• _RECORDS FOR THE EXERCISE_

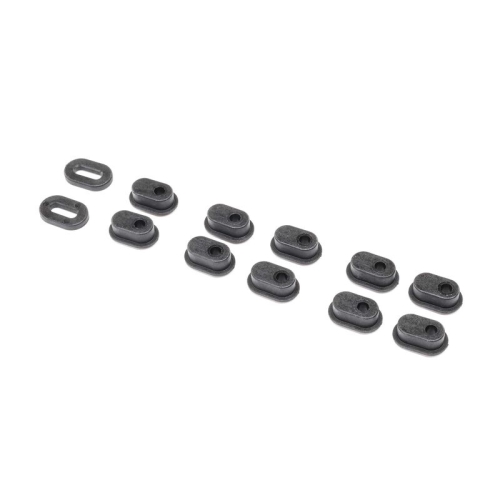 LOS262002 Chain Tension Adjuster Set: Promoto-MX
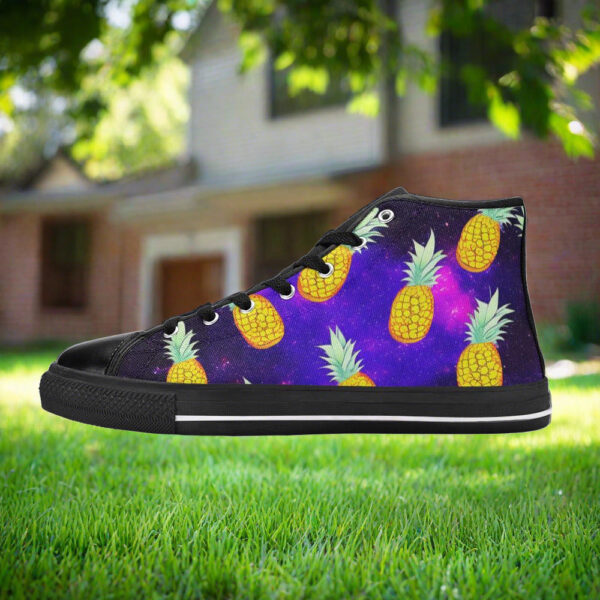 Galaxy Pineapples Women - Image 2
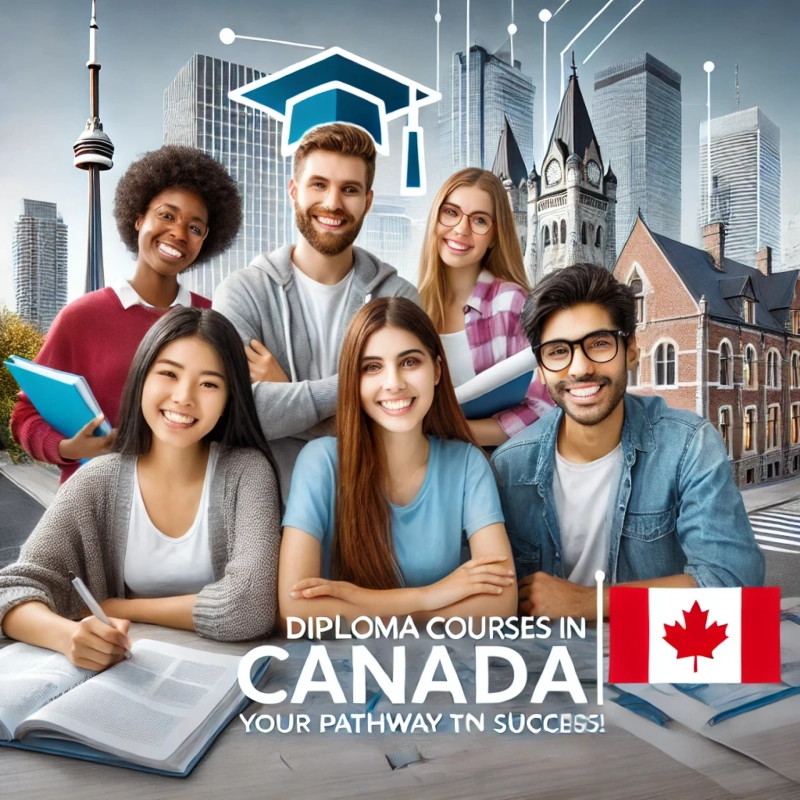 Diploma Courses in Canada: Everything You Need to Know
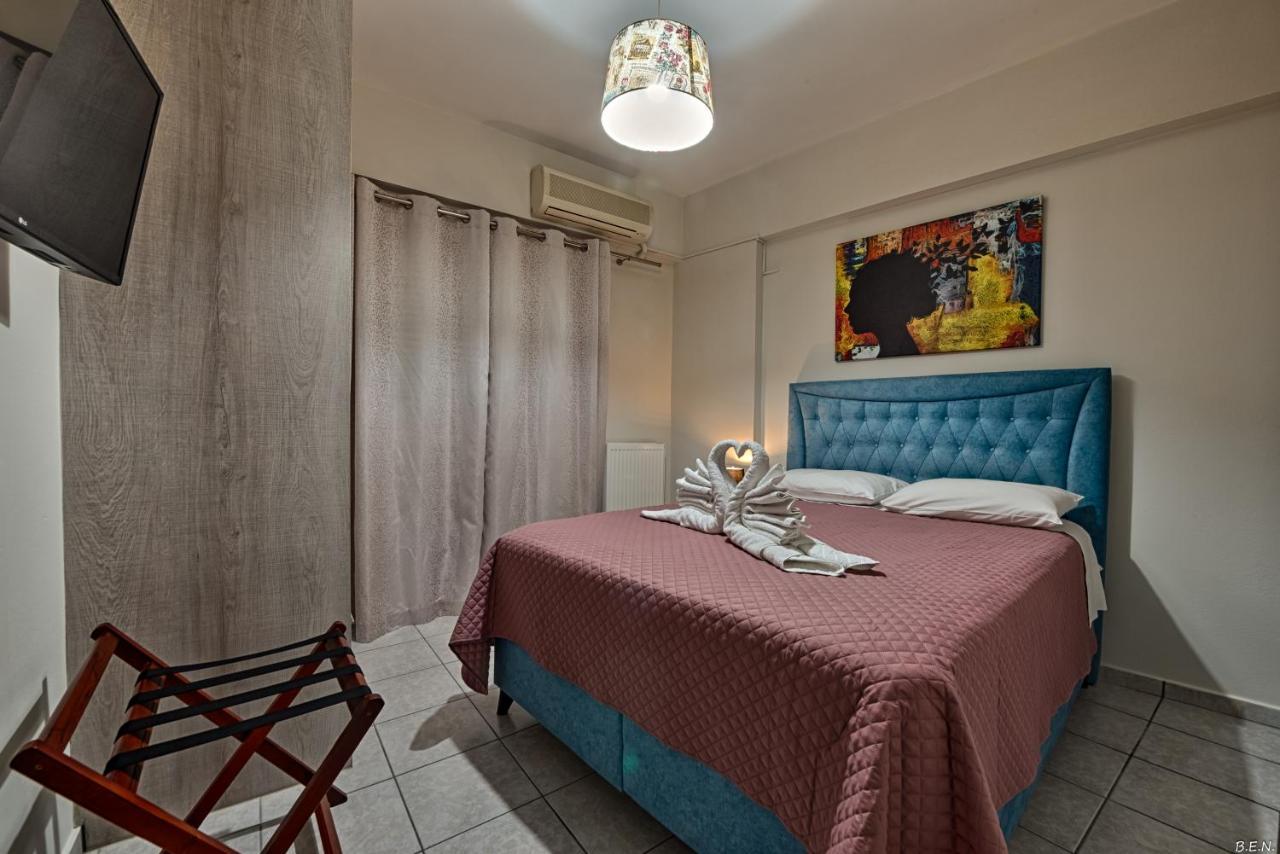 Alexia'S Apartments 리오 외부 사진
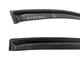 Дефлектори вікон вітровики Renault Sandero 2007-2012 Скотч 3M Voron Glass - зображення 2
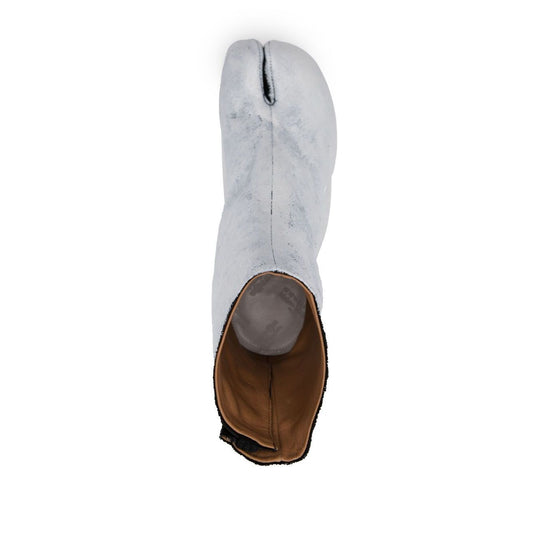 Maison Margiela Tabi 80mm ankle boots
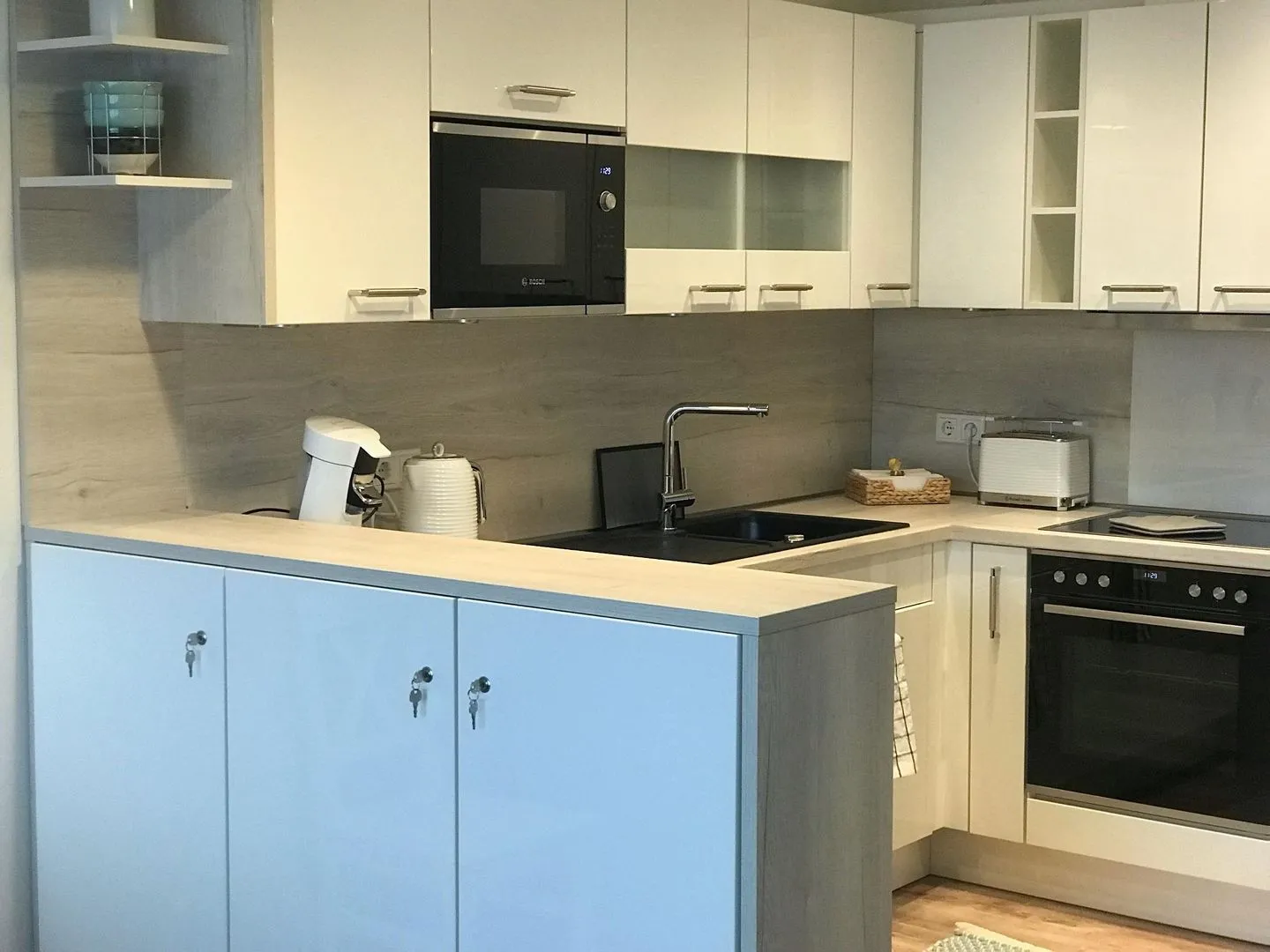  'DÜNENBLICK 2' am Pirolatal  - 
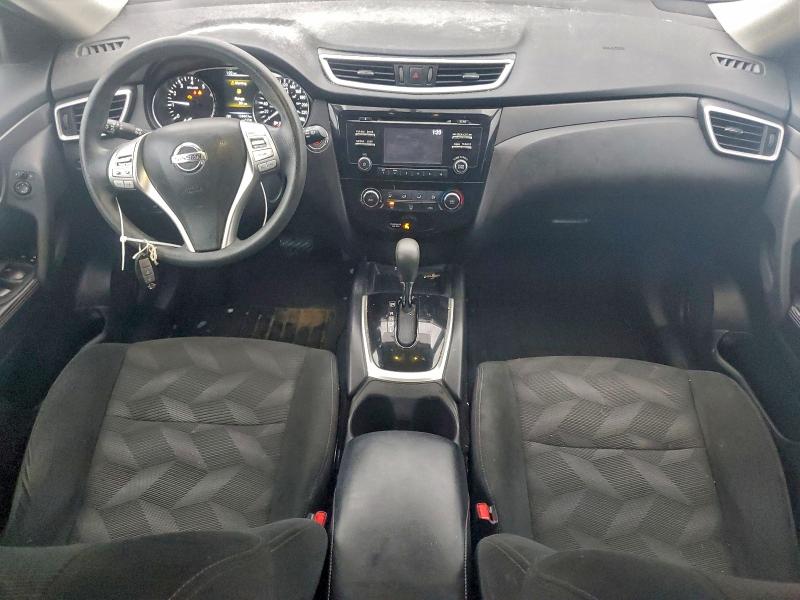 Photo 8 from auction – 2016 NISSAN ROGUE S with VIN 5N1AT2MV6GC807902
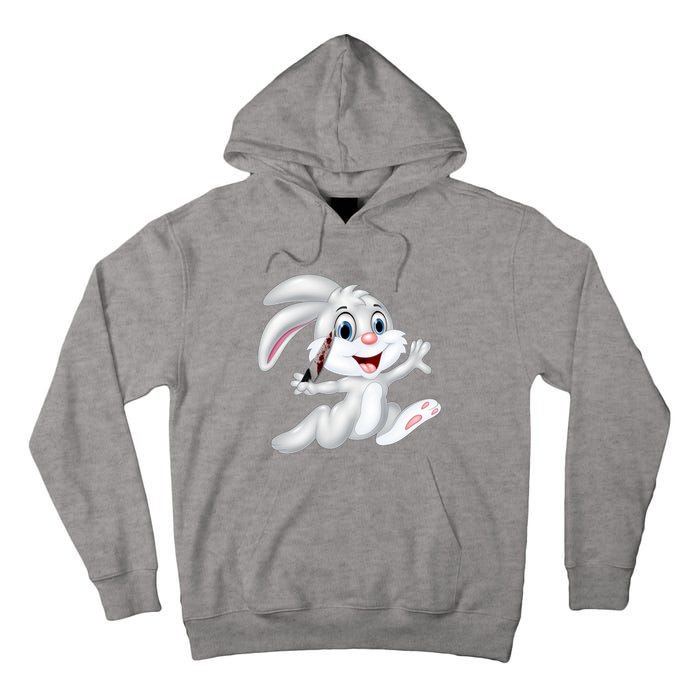 Bunny Blade Tall Hoodie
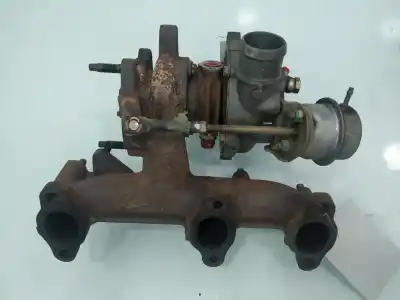 Second-hand car spare part turbocharger for seat ibiza iii (6l1) 1.4 tdi oem iam references   
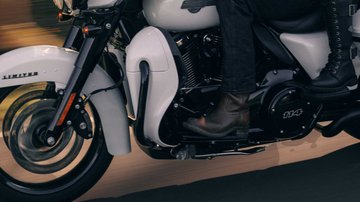 Image de la motocyclette Ultra Limited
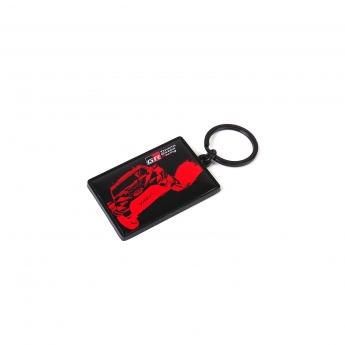 Toyota Gazoo Racing brelok do kluczy wrt car keyring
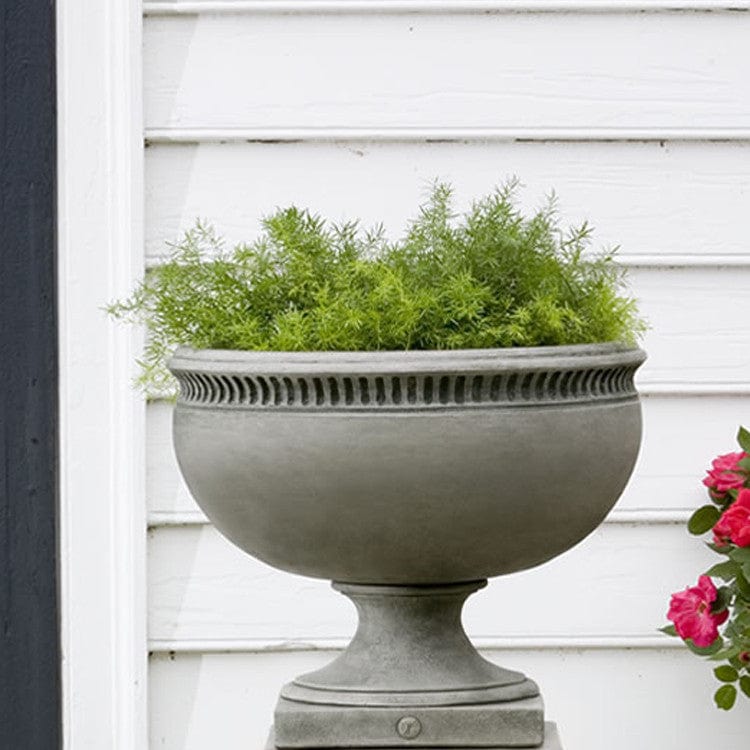 Williamsburg Tayloe House Urn Garden Planter - Outdoor Art Pros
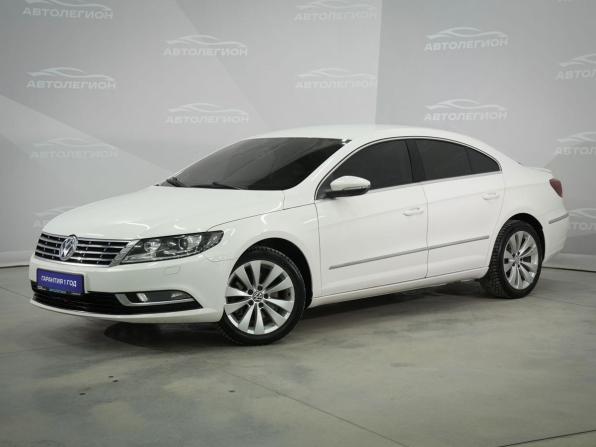 Volkswagen Passat CC I Рестайлинг с пробегом 2014 года, цена 1 670 000 рублей, 171149 км, седан, Автокод Объявления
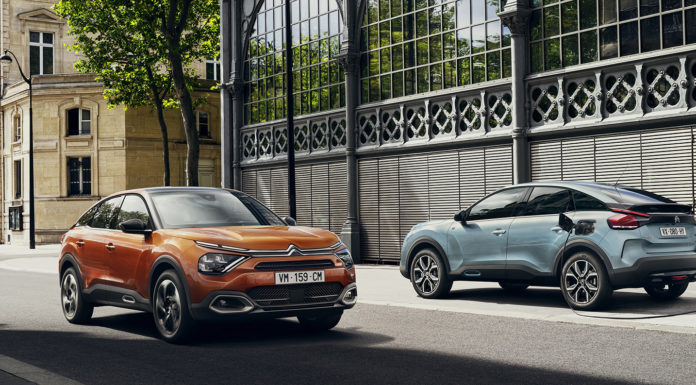Citroën reinvent the Hatchback with all new C4 and Ë-C4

• _WHAT YOU SHOULD DO_
Return the entries verbatim, pictures excluded.

• _RESPONSE TO THE TASK_
 LOS262002 Chain Tension Adjuster Set: Promoto-MX
 Galaxy Pineapples Women - Image 2
 Diploma Courses in Canada: Everything You Need to Know
 Alexia'S Apartments 리오 외부 사진
 Дефлектори вікон вітровики Renault Sandero 2007-2012 Скотч 3M Voron Glass - зображення 2
 Maison Margiela Tabi 80mm ankle boots
  'DÜNENBLICK 2' am Pirolatal  - 
 Photo 8 from auction – 2016 NISSAN ROGUE S with VIN 5N1AT2MV6GC807902
 Bunny Blade Tall Hoodie
 Second-hand car spare part turbocharger for seat ibiza iii (6l1) 1.4 tdi oem iam references   
 Image de la motocyclette Ultra Limited
 Toyota Gazoo Racing brelok do kluczy wrt car keyring
 Williamsburg Tayloe House Urn Garden Planter - Outdoor Art Pros
 Volkswagen Passat CC I Рестайлинг с пробегом 2014 года, цена 1 670 000 рублей, 171149 км, седан, Автокод Объявления
Citroën reinvent the Hatchback with all new C4 and Ë-C4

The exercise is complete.